If Humans Could Adopt Any Animal Trait #1 Purring
You bump into an old friend on the street, you are delighted to see each other, you smile, laugh, share some news, how great would it then be if you could purr your contentment. Yes, my first choice in the adoption of animal traits to enhance a human is . . . . purring.
And here’s why.
Purring would make for a good night’s sleep. I am often lulled to sleep by the purred duet of two of my cats and I find it immensely restful and calming. I’ve found it’s the best remedy for sleepless nights, far better than the recommended, but ultimately useless, herb and tea concoctions. Imagine then how useful it would be if we could purr ourselves to sleep.
Purring would help those awkward social interactions; that’s because purring in cats may release endorphins into the bloodstream.
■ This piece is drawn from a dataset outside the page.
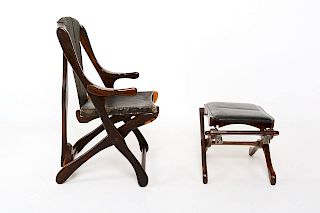 Don Shoemaker Folding Chair with Matching Ottoman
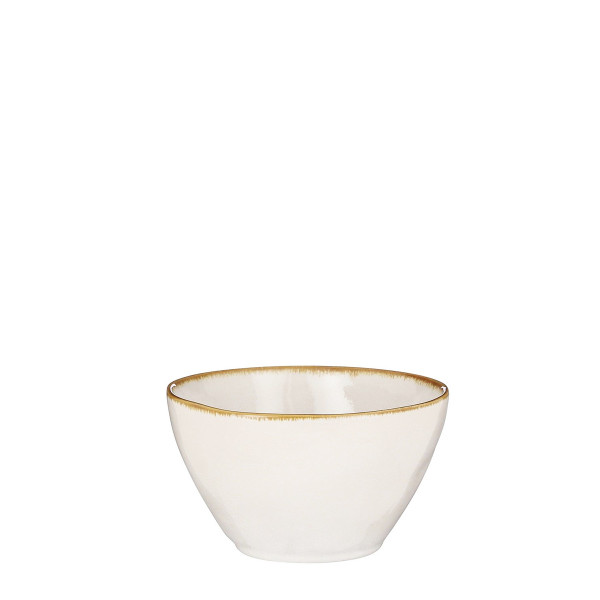 Keramik Schüssel, Tabo, handgefertigt, weiß, Rand braun, 6x14cm, Mica Decorations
Endorphins lower our stress levels, so for us humans who sometimes find real life a little difficult and uncomfortable, being able to launch into a purring session would lessen our fears and create an aura of calm. How great to have that as an inbuilt mechanism.
Purring could help us heal and keep us healthy. Studies in cat purring (yes, these do exist) have shown that purring lowers blood pressure and alleviates depression. There is also the suggestion that purring promotes the healing of bones due to purring being at the same sound frequencies (25 – 150 Hz) proven to aid bone healing. We all know that cats purr when they are injured, so that’s highly suggestible of a healing technique. A purr a day would keep the doctor away.
Random Purr Facts
Cats purr around 25 dB. This is louder than rustling leaves (20 dB) and quieter than library noise (40 dB).
Scientists have yet to discover exactly how a cat purrs. Ideas put forward are having a secondary set of membranes near the vocal chords or the vibration of blood vessels in the throat and chest.
Domestic cats purr when breathing in and out. This is distinct from the miaow that occurs only on the outward breath.
Other species in the Felidae family that purr: Bobcat, Cheetah, Eurasian Lynx, Puma, and Wild Cat
Big cats from the Patherinae subfamily exhibit a purr-like sound, but it’s not true purring: Lion, Leopard, Jaguar, Tiger, Snow Leopard, and Clouded Leopard.